◆ **What you should do**
Only the pictures should be left out; write out all other data exactly.

◆ **Data section**
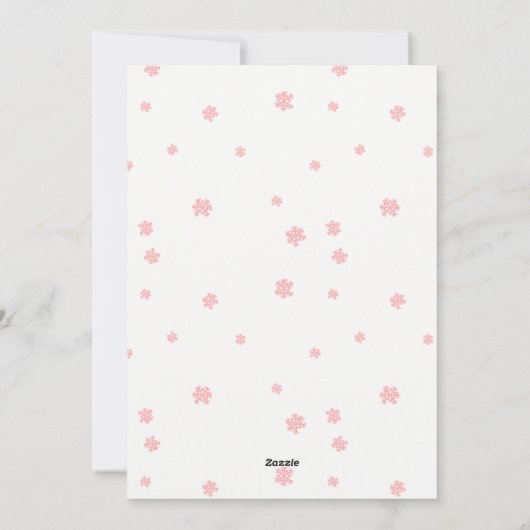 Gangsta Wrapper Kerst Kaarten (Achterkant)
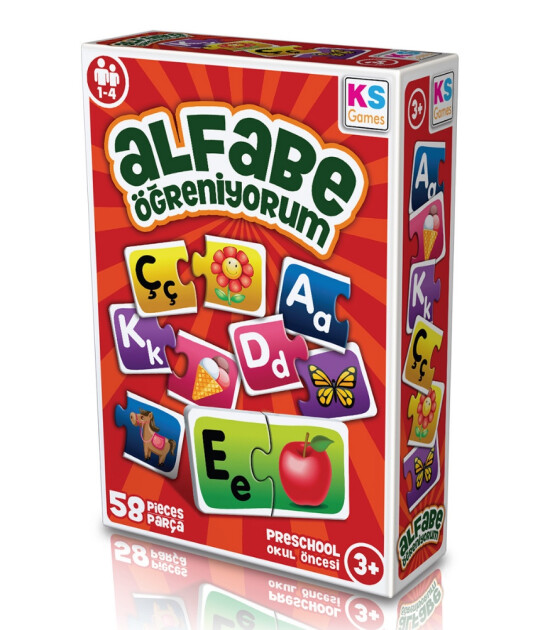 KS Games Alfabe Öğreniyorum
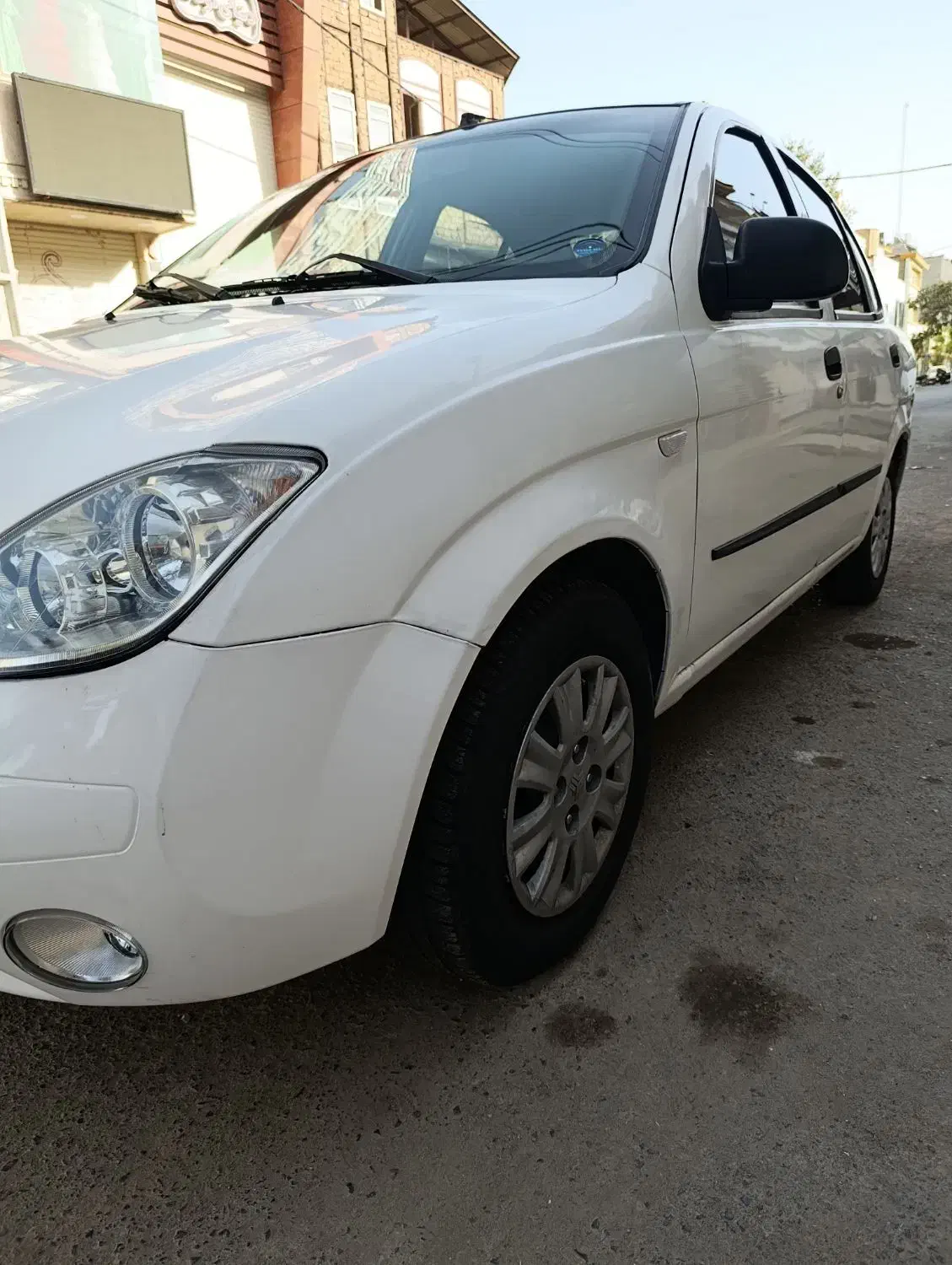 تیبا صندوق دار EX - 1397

◆ **Written response**
 Gangsta Wrapper Kerst Kaarten (Achterkant)
 KS Games Alfabe Öğreniyorum
 تیبا صندوق دار EX - 1397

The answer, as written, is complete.